Each of the players on the team feels some contribution to the achievement and carries motivation to repeat the euphoria in the next game.
Winning is not everything but it’s a big factor in sports ... a big factor which soon may be eliminated from sports like soccer and hockey for children aged 12 and under.
I’m not an advocate of the change, but I had a good chance Wednesday to debate the issue with someone who is strongly in favour of such a move.
Kathryn McKenzie is a personal trainer at Surefire Fitness and a competitive athlete, who plays and coaches golf, tennis, volleyball and hockey, some of them at an elite level.
She has some good points on an issue which has been dominated by voices from the “are they out of their minds” viewpoint.
“I do think it’s a great idea for a number of reasons,” McKenzie said. “The move to take the competitive aspect out is a positive one in that more kids will be able to participate and play and the idea is that they will have a positive experience just being out there and hopefully will continue to play sports and be more active into adult life.”
Some would argue that if you can’t take the heat, get out of the sauna.
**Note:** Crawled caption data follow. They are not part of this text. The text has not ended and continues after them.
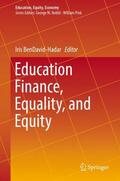 BenDavid-Hadar |  Education Finance, Equality, and Equity | Buch |  Sack Fachmedien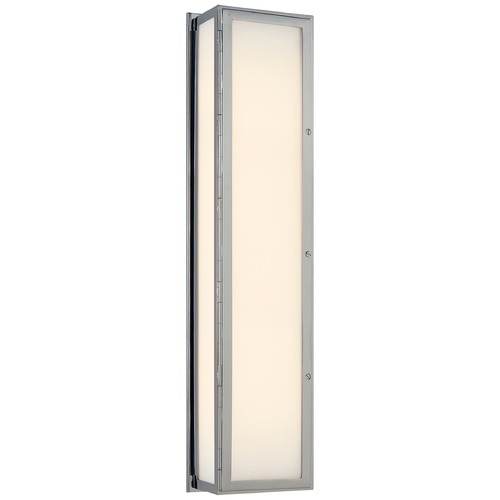 Visual Comfort Signature Collection Thomas OBrien Mercer Long Box Light in Chrome by Visual Comfort Signature TOB2005CH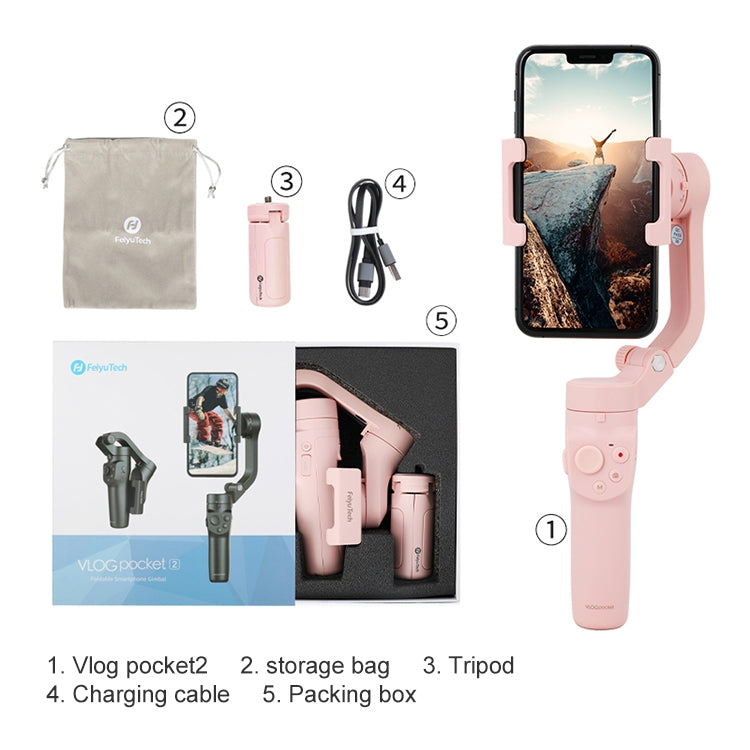 Gimbal smartphone FEIYUTECH Vlog Pocket 2 pieghevole a 3 assi - immagine 3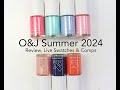 Olive & June Summer 2024 Collection: Reveiw, Live Swatches & Comparisons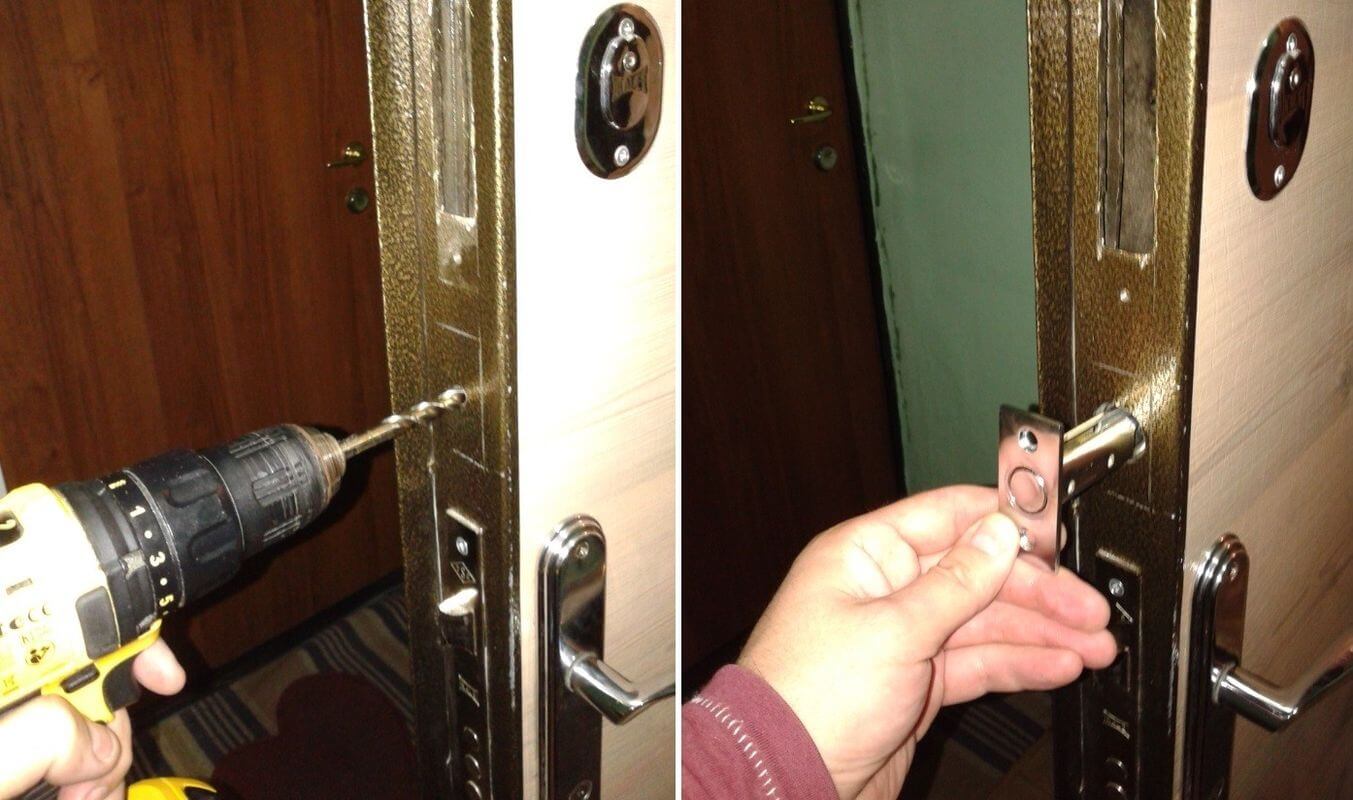 замена личинки замка входной двери в квартире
Players who thrive on competition will succeed in the sport while those who don’t just might not be cut out for the playing field.
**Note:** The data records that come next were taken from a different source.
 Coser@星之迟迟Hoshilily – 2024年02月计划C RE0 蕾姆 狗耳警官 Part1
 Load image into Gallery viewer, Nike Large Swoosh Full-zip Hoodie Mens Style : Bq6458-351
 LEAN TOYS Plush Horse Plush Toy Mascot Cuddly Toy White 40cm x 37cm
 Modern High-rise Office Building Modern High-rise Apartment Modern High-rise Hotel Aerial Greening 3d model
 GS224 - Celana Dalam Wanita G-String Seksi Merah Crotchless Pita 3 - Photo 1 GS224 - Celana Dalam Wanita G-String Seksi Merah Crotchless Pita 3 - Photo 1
McKenzie argues that kids need more time to come to that conclusion and raising the age for non-competitive games might help.
“By making everything competitive at such a young age, we are actually turning young kids away from sport by giving them a negative experience if they’re not on the best team or they don’t win the trophy or they feel like a loser because they didn’t score a goal,” McKenzie said.
“There are numerous benefits to being competitive and playing for a score but I don’t know if, at such a young age, it’s all that necessary.”
Of course, it depends on whether your provincial sports organization wants to develop better athletes or simply better people.
No doubt the additional non-competitive games could help make better citizens who understand the fundamentals of fair play. But will they really be better soccer or hockey players when they never experience tournaments, or playoffs or championship games?
“I don’t think it will hurt the development of the long-term competitive or elite athlete and I think it will develop better people,” McKenzie said.
“Developing well-rounded athletes that play numerous sports well into their teens is a better way to go in terms of training even high-performance and competitive athletes.”
Personally, I think it will hurt the development of athletes in terms of skill because up until the age of 12 they won’t be playing games at the highest possible level, giving that extra ounce of effort when games are on the line, pushing their bodies to try to achieve something athletes have striven for, for centuries.
At age 13, that new concept will be introduced and our athletes will be behind the rest of the world.
It’s a great debate, though. Thanks, Kate.